I’ve always been fascinated by glaciers. From the moment I stepped onto the first glacier I’ve ever seen, Franz Josef Glacier in New Zealand, I knew we had a special bond. Subconsciously, maybe that’s one of the reasons why I was so drawn to Alaska. We are surrounded by glaciers here. There are more than 100,000 glaciers in Alaska (only 616 of them are named) and roughly 60 glaciers that you can reach within a day’s travel from Anchorage. It’s hard to comprehend the size of this ancient ice, and the best way to get a glimpse of it is from up in the air.
Knik Glacier, one of the biggest and easiest glaciers to visit from Anchorage is about 29 miles long and 5 miles wide. I didn’t really understand these numbers until I saw it. The glacier is so big it fills the entire horizon. I’ve been to Knik Glacier a few times (all by helicopter) and it’s always a tremendous experience. And you don’t have to fly long to reach it. As soon as we lifted off, we could see the glacier in front of us. That’s what’s really amazing about this place.
This week I went on the Grand Knik Tour with Alaska Helicopter Tours. It’s their most popular tour in any season because it provides three different landings: on a glacial lake, on the mountain top, and in front of a massive ice wall.
It was one of the coldest days of this winter but also it was such a clear and beautiful day. These usually go hand in hand. We drove to the Knik River Lodge, about an hour’s drive from Anchorage, to meet Steven Ritter, the pilot. He’s been handling all the winter tours at Alaska Helicopter Tours so he understands the landscape like his backyard. Our friend Lars, who’s the general manager of Knik River Lodge joined us. We got on the iconic red Robinson R44 helicopter, and lifted off!
I’m always amazed by the helicopter experience. It feels so effortless compared to planes. It just lifts, hovers, and then off we go. As a trained engineer I understand the mechanism and aerodynamics behind it but I’m still amazed.
As soon as we started flying, the massive Knik Glacier was in front of us. The forest below was covered with hoarfrost and we spotted a few different groups of moose sitting in clearings. They didn’t seem much bothered by us flying above them. We flew close to the glacial lake and found our first landing spot on a big rock. As we are getting closer to spring, the sun has been stronger and up longer each day. We got the full force of the sunlight shining through the glacier and frozen moisture particles in the air. Then it was time to fly to our second landing spot.
We flew over the glacier to the top of a mountain. Flying over a glacier of this size, seeing all the cracks of blue, patterns, and shapes, I will never get bored of this. Glaciers never look the same because they are constantly moving, as if they were a living being.

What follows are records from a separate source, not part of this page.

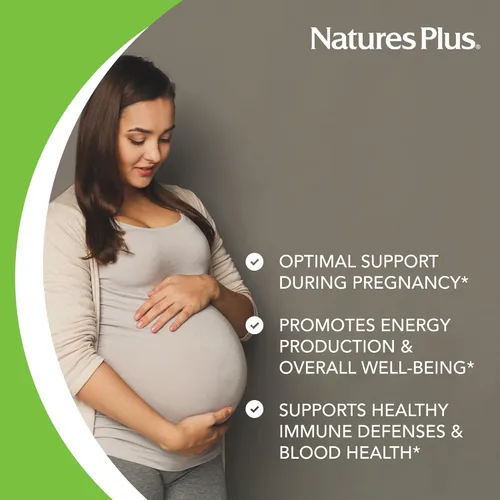 Miniatura 4 de NaturesPlus Source of Life Prenatal - 90 tabletas - Suplemento multivitamínico y mineral con hierro - Apoyo nutricional para el embarazo - Sin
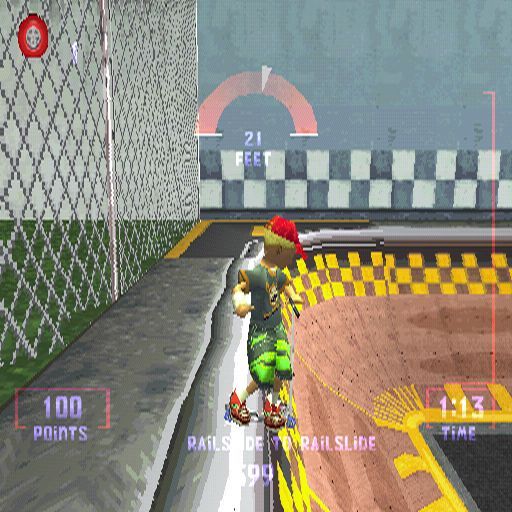 Razor Freestyle Scooter (PlayStation) screenshot: Chad is sliding along the rails to score points. The countdown timer is in the lower right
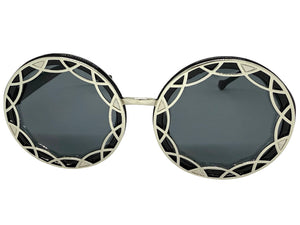 Oversized Exaggerated Vintage Retro Style SUNGLASSES Large Round Black Frame - Dark Lens 1670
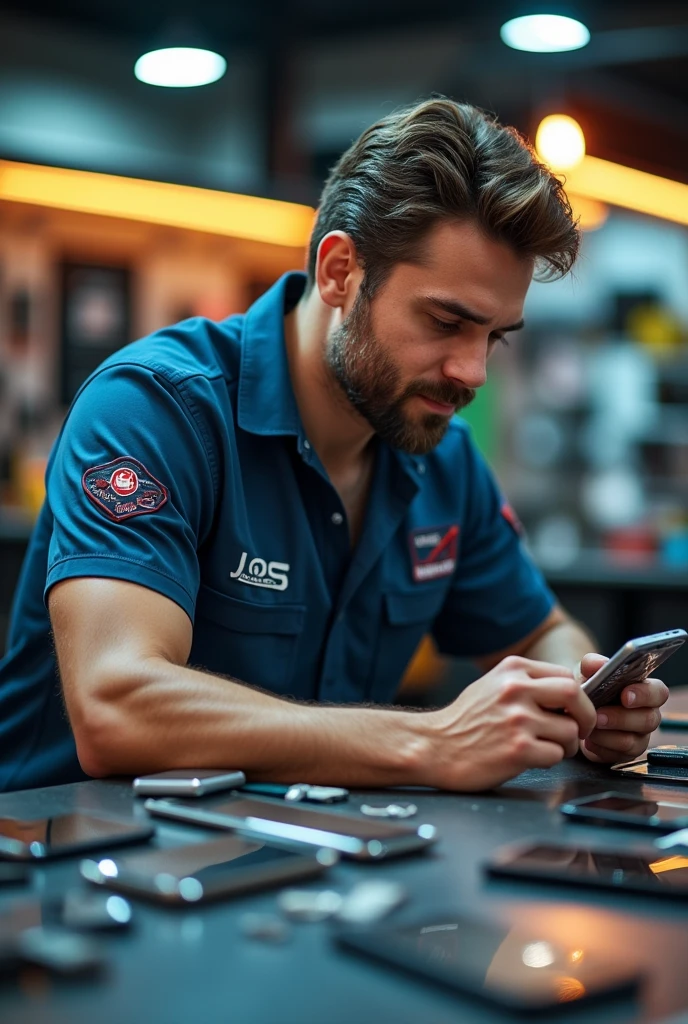 Create an advertising image for multi-brand cell phone repair, general repair and maintenance,screen replacement, charging port replacement and repair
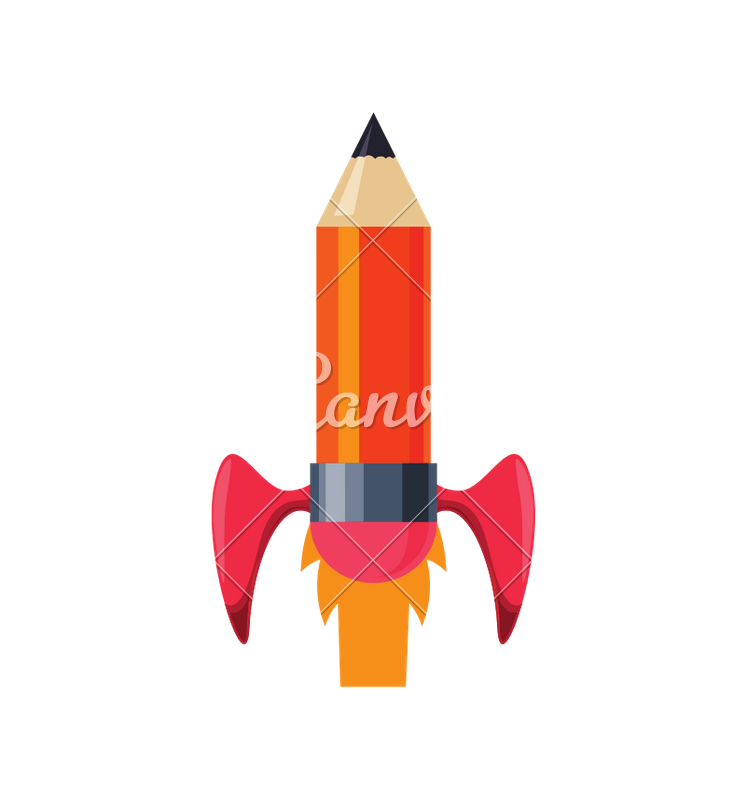 746x800 Light Bulb Pencil Rocket Start Up Innovation Icon. Vector Graphi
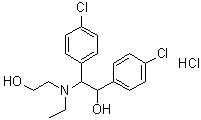 4-氯-alpha-(4-氯苯基)-beta-[乙基(2-羟基乙基)氨基]苯乙醇盐酸盐分子结构 (CAS 6962-07-8)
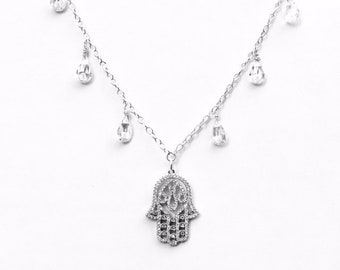 Hamsa Necklace/Sterling Silver/CZ/ Artisan Hand made Wire Wrap Briolettes/Show Stopper Jewelry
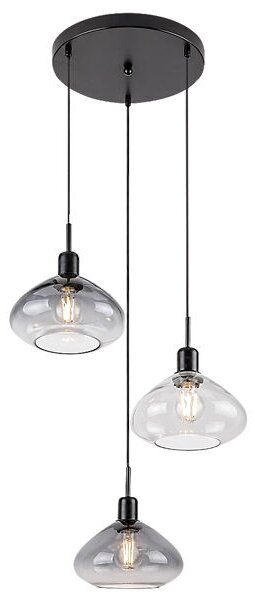 RABALUX 72023 Dvora závesné svietidlo 3xE27 D300mm matná čierna, dymová, priehľadná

We landed on a narrow peak on a mountain, looking over a very active icefall and Colony Glacier. For a moment I forgot that we were just a short ride away from civilization. Every trip here in Alaska, I’m reminded how fortunate we are to live in this pristine wilderness, so accessible from our home. It was perfectly peaceful and calm, just us four and the slowly moving glacial ice below us.
Onto the next landing, in front of an ice wall of Knik Glacier. It didn’t look that big when we landed but my eyes weren’t adjusted to seeing it yet. It was so tall and so blue. So many different shades of blue! Lars led us to a gap between glacial ice chunks which turned into an ice cavern. When you’re near a glacier of this size, you can hear it sing. It’s like a low humming sound. And that’s a great reminder that glaciers are living beings.
Just like that, two hours quickly went by. It was already time to head back to the lodge. Once again we saw fascinating shapes and patterns of glaciers on the way back, and many different animal tracks on the snow. It’s fun to have a chance to observe the behavior of wildlife in the wilderness because it’s hard to see anything through the thick forest in summer. Flying over the whitened forest covered in hoarfrost, we landed back to where we started.
Seeing Alaska’s wilderness via helicopter is more than having fun. Although, it is extremely fun. It gives me a sense of gratitude and perspective, seeing such an ancient landscape, the grandeur, the pure environment. In comparison, my earthly troubles and existence seem so trivial. It doesn’t mean that the experience makes me feel less worthy, it’s the opposite. I want to take it all in, be thankful for what I have, and make every moment count.
Alaska Helicopter Tours is the only helicopter company in Alaska that partners with CarbonFund.org to contribute to lessening their carbon footprint. They are also Adventure Green Alaska program certified. Sustainability is an important topic of discussion in adventure tourism and I’m glad to know that they are taking the right steps.
The Grand Knik Tour left me with awe (and about a thousand photos). Now I want to see in summer to compare the experience. It was so fun to cover such a vast distance in just two hours, including all the different glacier views. If you have a short amount of time to spend in Alaska, this is definitely a tour to do. It’ll be worth it.